**PROBLEM TO SOLVE**
Using the entries below, output each line exactly from the first through the one that contains "IV12128: This toilet flushes automatically".

**GIVEN INFORMATION**
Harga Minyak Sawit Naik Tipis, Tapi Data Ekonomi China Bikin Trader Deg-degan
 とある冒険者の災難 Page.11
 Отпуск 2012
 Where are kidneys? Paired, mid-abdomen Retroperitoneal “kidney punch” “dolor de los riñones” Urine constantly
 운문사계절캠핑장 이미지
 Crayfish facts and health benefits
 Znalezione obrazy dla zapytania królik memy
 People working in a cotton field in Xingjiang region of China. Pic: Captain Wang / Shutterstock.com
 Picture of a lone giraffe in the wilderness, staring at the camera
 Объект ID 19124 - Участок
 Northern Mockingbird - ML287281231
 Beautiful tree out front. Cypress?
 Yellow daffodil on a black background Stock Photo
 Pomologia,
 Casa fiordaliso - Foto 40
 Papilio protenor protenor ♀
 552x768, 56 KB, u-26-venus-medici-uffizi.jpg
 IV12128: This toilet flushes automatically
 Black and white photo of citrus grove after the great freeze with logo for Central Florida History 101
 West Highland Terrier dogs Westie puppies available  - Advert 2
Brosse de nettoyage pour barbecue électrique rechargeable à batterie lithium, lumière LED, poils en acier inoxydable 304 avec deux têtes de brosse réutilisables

**OUTPUT FOR THIS TASK**
Harga Minyak Sawit Naik Tipis, Tapi Data Ekonomi China Bikin Trader Deg-degan
 とある冒険者の災難 Page.11
 Отпуск 2012
 Where are kidneys? Paired, mid-abdomen Retroperitoneal “kidney punch” “dolor de los riñones” Urine constantly
 운문사계절캠핑장 이미지
 Crayfish facts and health benefits
 Znalezione obrazy dla zapytania królik memy
 People working in a cotton field in Xingjiang region of China. Pic: Captain Wang / Shutterstock.com
 Picture of a lone giraffe in the wilderness, staring at the camera
 Объект ID 19124 - Участок
 Northern Mockingbird - ML287281231
 Beautiful tree out front. Cypress?
 Yellow daffodil on a black background Stock Photo
 Pomologia,
 Casa fiordaliso - Foto 40
 Papilio protenor protenor ♀
 552x768, 56 KB, u-26-venus-medici-uffizi.jpg
 IV12128: This toilet flushes automatically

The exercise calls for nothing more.